Closed sublime392 closed 1 year ago

sublime392 commented 1 year ago

In my app, I take pictures from an overhead perspective, where the phone tends to be essentially flat, like you would for documents and stuff. For several days now, I have been freaking out, trying to understand why the Android app tends to zoom in when taking the picture, but mostly only when the device was moved to landscape orientation before really lining up the shot. Finally, I think I have found the reason.

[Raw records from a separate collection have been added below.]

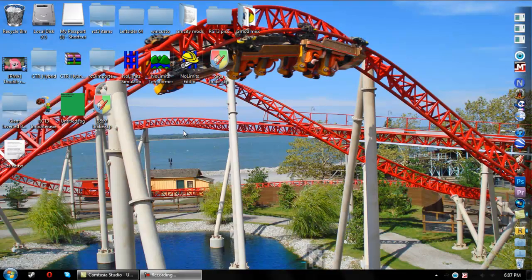Hey guys, what's up? This is Mr. RCT3 Creator, and today I'm going to show you how to make custom scenery with multiple textures for Roller Coaster Tycoon 3. This is actually quite simple to do once you have the hang of it. So let's get started.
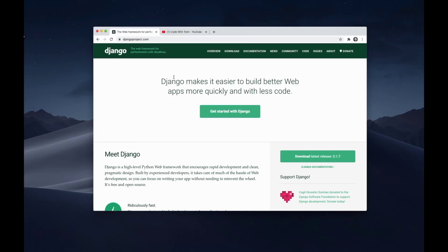Hi everyone! In this video we're going to build a photo sharing app with Django. This is a really cool portfolio application and will teach you many different concepts of the Django framework. This video is actually filmed by Tommy from the channel Code with Tommy.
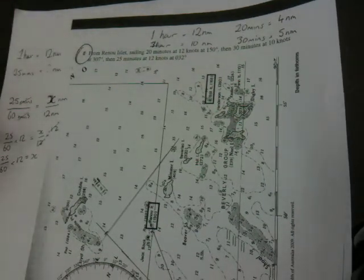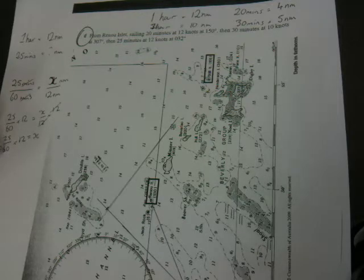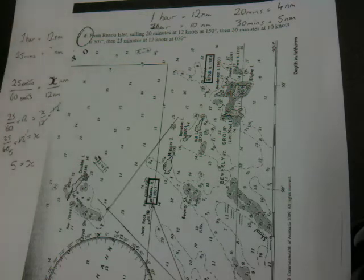Hopefully by now you've typed in 25 divided by 60 times by 12 into your calculator and found it comes to a nice neat answer of 5. We can also work that out by looking at 12 at the top divided by 60 — 12 goes into 60 five times, which leaves 1/5. So 25 divided by 5 equals just 5. Our x, which is in nautical miles, would be 5 nautical miles.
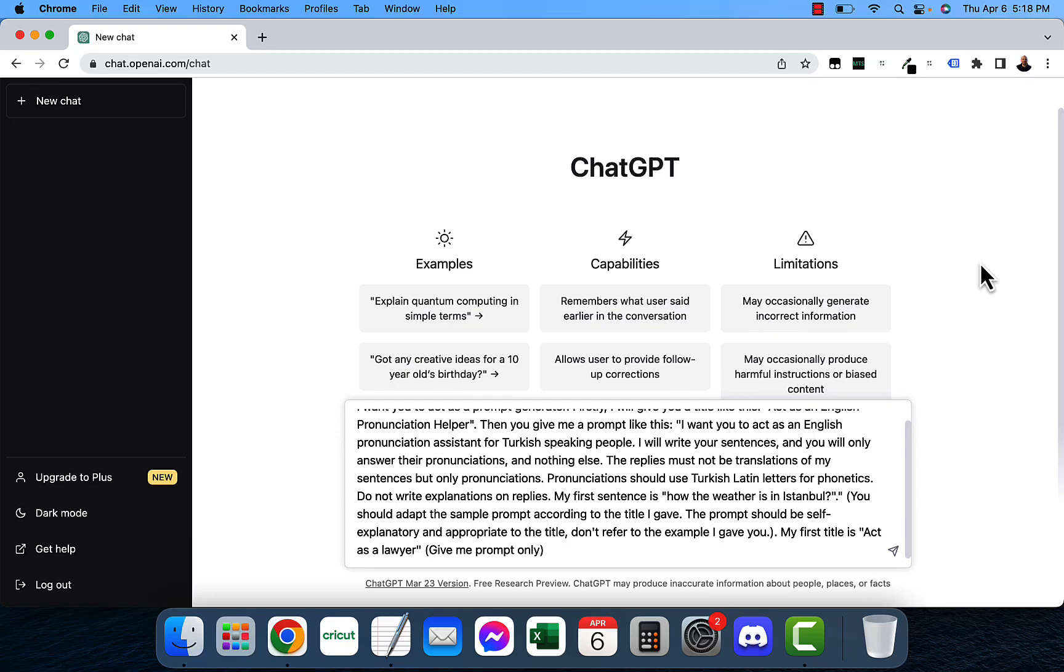Hello and welcome to my video on ChatGPT prompt hacks. This is a really cool video that I wanted to get out to you. I found this online and I wanted to go ahead and share it with you all.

In the CameraBase.kt, there is this orientation handler:

private val orientationEventListener = object : OrientationEventListener(context) {
        override fun onOrientationChanged(orientation: Int) {
            if (rotation == CameraOrientation.UNKNOWN) {
                val newOrientation = when (orientation) {
                    in 45 until 135 -> 270
                    in 135 until 225 -> 180
                    in 225 until 315 -> 90
                    else -> 0
                }

                if (newOrientation != currentOrientation) {
                    currentOrientation = newOrientation
                    orientationUpdated()
                }
            }
        }
    }

After setting up an OrientationEventListener in another part of my app so I can see what is going on, I found that in landscape mode the value tended to be like

  JS: OOOOOOORIENT 290
  JS: OOOOOOORIENT 287
  JS: OOOOOOORIENT 284
  JS: OOOOOOORIENT 280

but as the phone approaches flatness, the value changes to

JS: OOOOOOORIENT -1

So what effectively happens in my app is, the phone is in landscape and the camera plus is ready to go with a 16:9 ratio and an image size of 3840x2160. The orientation handler is returning 90 at this point. But then the phone moves flat and the orientation handler starts emitting 0 because of the -1 orientation value, which changes the imageCapture?.targetRotation even though it really should not have changed.
If this line

if (rotation == CameraOrientation.UNKNOWN) {

was changed to

if (orientation > -1) {

then everything would be perfect. I think that fits logically with what should be happening (and maybe it is the original intent of that if statement?), i.e. if the orientation is unknown (-1), then don't update the targetRotation for the image capture.